There are 5 comments at the moment, we would love to hear your opinion too.

  1. An interesting article by John Porteous.

    The problem with integration is generally one of cost – if it was that easy to do it would have been done.

    One major challenge for interactive portals is that they will require generally a relatively high degree of financial sophistication and regularity of use to benefit from them. Trying to meet the needs of the less experienced investor combined with infrequent use, and the needs of a more sophisticated user is a big challenge for designers of such systems.

    Regarding cashflow modelling, one would hope that the majority of financial planning firms will employ people who are chartered and know what they’re doing. Unfortunately, the same can’t be said about risk profiling tools; they are one dimensional and therefore extremely limited offering little if anything other than some tick-boxing towards the investor suitability process. Suitability is by nature multi-dimensional covering a broad range of investor issues such as investment timescales, liquidity needs, etc, etc and yes capacity for loss and volatility tolerance.

  2. As I see no mention of FCA, FOS, RDR, MMR (isn’t that a vaccine?), long-stop or commission, I risk being in a solo discussion by commenting here, unless Ian McKenna’s free. But unabashed, here goes.

    A major threat to various of the advice-based professions has been identified from the fact that whatever can be automated will be automated. Rather than this adding to the general uphill struggle that has become the adviser’s lot, John’s article finds grounds for optimism, I think, which boils down to the potential for technology to help:

    Take the grunt-work out of the general basics and must do’s
    Transform fact-finding (how tedious) to personalised meaningful automated data delivery
    Help take your business beyond being transactional / product-led
    Make the whole planning and advice process more interesting and productive for you and clients.

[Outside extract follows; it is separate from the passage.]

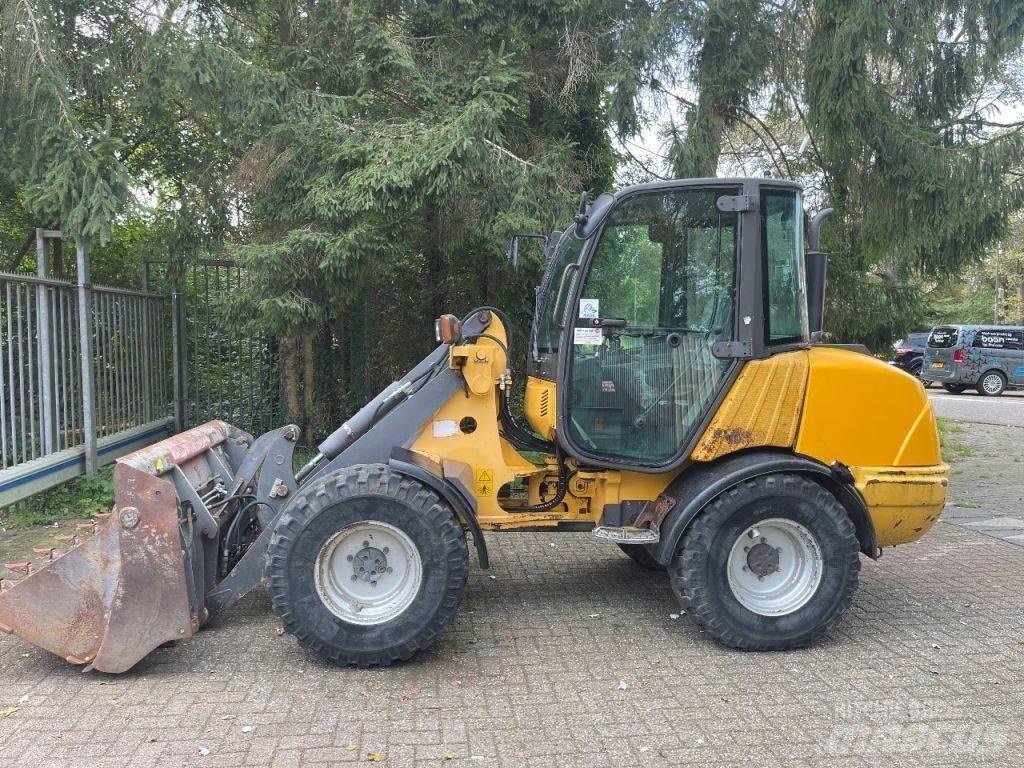 Volvo L25 Naudoti ratiniai krautuvai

    Ultimately, to free your focus up for
    client relationship nurturing, problem solving and demonstrating expertise

    Trouble is, I believe we’re still really only at the start of the journey. There’s a long way to go before the techie (and, yes, regulatory) ecosystem is joined up and reliable enough to deliver this nirvana. Seeing as it’s a massive work in progress needing a more collaborative effort to develop it than has ever occurred in financial services, now’s a good time to find a way to pitch in and help direct what this future will actually be, before all the egg-heads working on this stuff build the wrong thing.

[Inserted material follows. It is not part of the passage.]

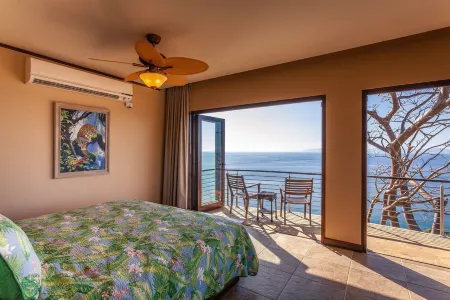 Ocean view, full time staff, concierge services. Winner 2013 - 2023 top rental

  3. ….Err, Pitching in like Robert’s already done….sorry, Robert, hadn’t seen your contribution before firing in mine. And yes, cost and devilish detail / elegant compromise always tricky.

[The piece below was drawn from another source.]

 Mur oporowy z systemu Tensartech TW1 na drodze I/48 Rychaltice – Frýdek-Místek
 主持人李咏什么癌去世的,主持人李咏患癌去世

  4. An interesting article by John Porteous.

    The problem with integration is generally one of cost – if it was that easy to do it would have been done.

    One major challenge for interactive portals is that they will require generally a relatively high degree of financial sophistication and regularity of use to benefit from them. Trying to meet the needs of the less experienced investor combined with infrequent use, and the needs of a more sophisticated user is a big challenge for designers of such systems.

    Regarding cashflow modelling, one would hope that the majority of financial planning firms will employ people who are chartered and know what they’re doing. Unfortunately, the same can’t be said about risk profiling tools; they are one dimensional and therefore extremely limited offering little if anything other than some tick-boxing towards the investor suitability process. Suitability is by nature multi-dimensional covering a broad range of investor issues such as investment timescales, liquidity needs, etc, etc and yes capacity for loss and volatility tolerance.

  5. And, Mr Porteous, as my parting shot this evening, you may be gratified to hear that today Accenture have released some research on these issues in the U.S., basically backing you up. (Though they don’t mention you by name!)